The answer is: evidence.
Copyright may arise automatically, but enforcing it requires you to show:
- that the work is original;
- that you own it;
- when it was created (and by whom if AI was involved);
- what exactly the work consisted of; and
- how the defendant’s material relates to it.
In practice, this is often harder than it sounds, particularly when branding has evolved over time, there are multiple versions and iterations, some assets were created externally (by agencies or freelancers), employees involved in the process have moved on, and records are incomplete or scattered. When a dispute arises, the brand owner may find themselves trying to reconstruct their own design history retrospectively - and that can be both costly and uncertain.
Another Example: Packaging and Design Cases
This problem is not limited to logos. It is especially acute in packaging and product design disputes. In cases involving copied packaging artwork (such as the US case of Flyland Designs v Jake’s Fireworks), courts focus on whether original artistic elements have been reproduced. Claims often turn entirely on copyright, rather than trade mark rights. In these situations, the ability to demonstrate when the artwork was created, how it evolved, and what the original elements were, can be decisive.

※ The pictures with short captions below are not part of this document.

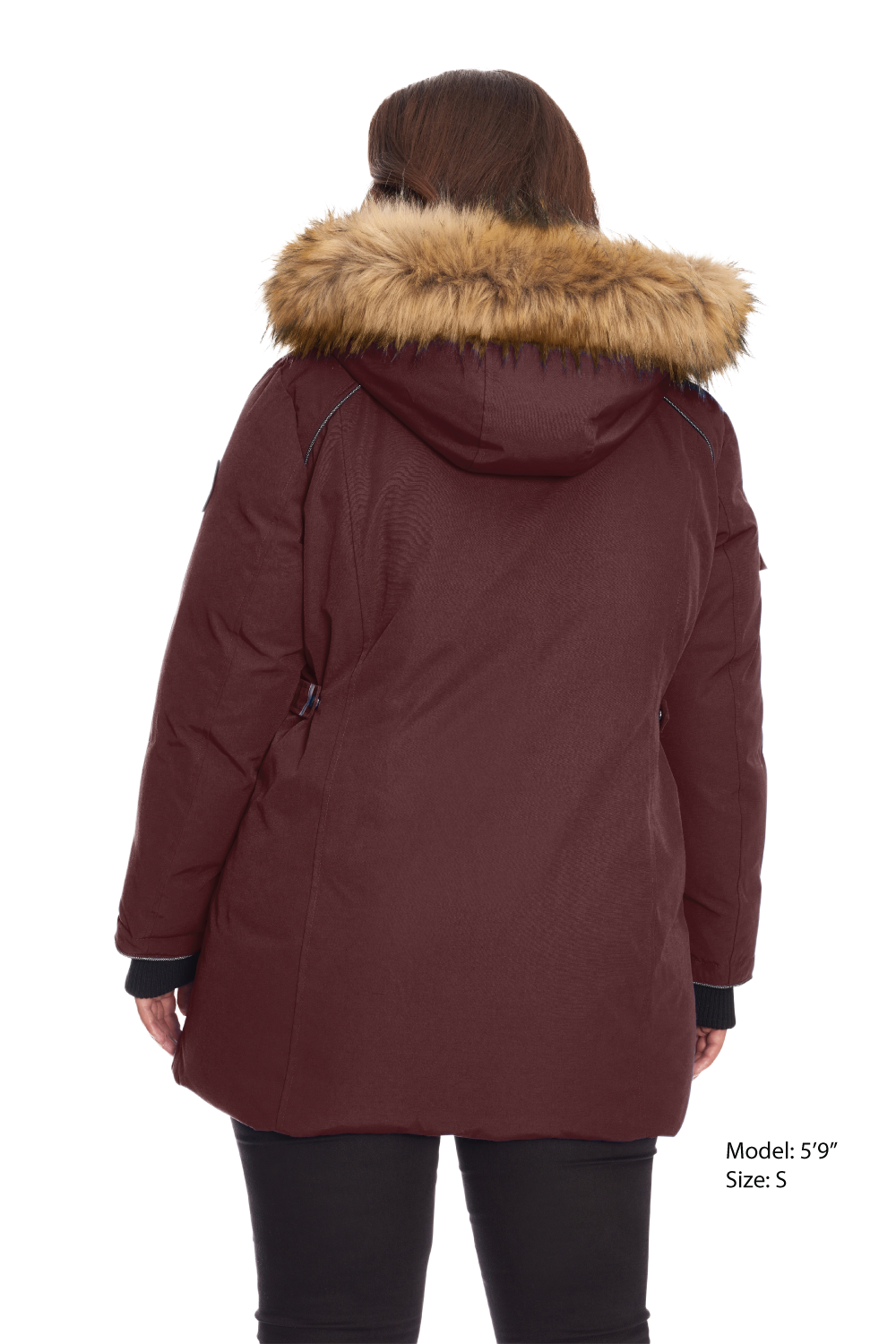GLACIER PLUS | PARKA FEMME EN DUVET VÉGAN (RECYCLÉE), RAISIN (TAILLE GRANDE)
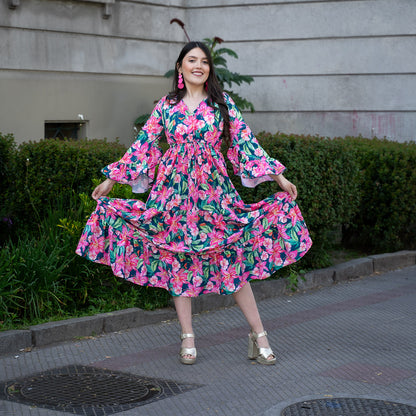 Vestido Italia Floreado VF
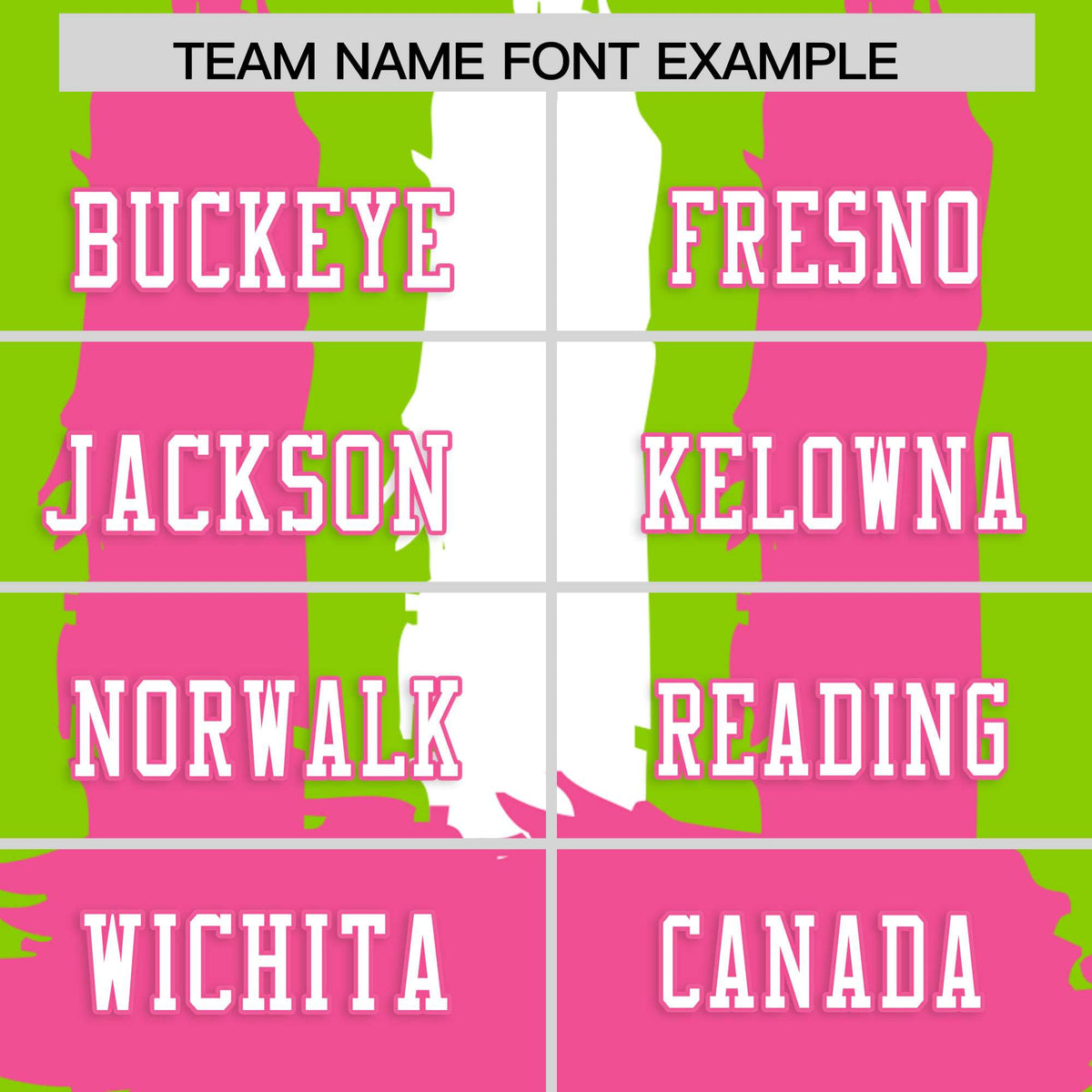 Custom Neon Green Pink and White Graffiti Pattern Practice American Football Jerseys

Where Etched Changes the Equation
This is where the “augmented trade mark” service that we provide at The Victor, using Etched, is so powerful. Rather than trying to retrospectively assemble evidence, Etched allows a brand owner to:
- capture brand artwork and packaging as it is created;
- timestamp it immutably; and
- build a structured, organised archive of visual assets.
The result is not just storage—it is evidence by design. In practical terms, this means a brand owner can say:
- “Here is our complete branding set”;
- “Here is when each element came into existence”; and
- “Here is how it developed over time”.
Instead of relying on fragmented files, the brand owner has a coherent, verifiable record.
Why This Matters in Disputes
Returning to the earlier cases, you can see how this might play out:
- In a Chanel‑type scenario, where trade mark arguments fail for lack of likelihood of confusion, a well‑documented body of artwork could support a stronger copyright claim.
- In a Lidl‑type case, it could reinforce the evidential foundation of the brand’s visual identity.
- In packaging disputes, it could remove uncertainty about ownership and originality entirely.
Perhaps just as importantly, it has a deterrent effect. A potential infringer faced with clear, time‑stamped evidence of creation may be far more likely to settle - or not infringe in the first place.
The Bigger Picture
As branding becomes more dynamic and more visually complex, most companies will continue to prioritise registering core trade marks - and with good reason.
But the real breadth of a brand - the part that competitors often edge closest to - is frequently left to copyright. And legal rights in branding are only as strong as the evidence that defines what the branding actually is.
This is where Etched comes in. Etched doesn’t replace trade mark registration. It complements it.
It allows brand owners to move from a narrow set of registered rights to a broader, evidence-backed ecosystem of protected creative assets.
In a world where disputes increasingly turn on the details of design, timing and originality, it’s a brand new approach.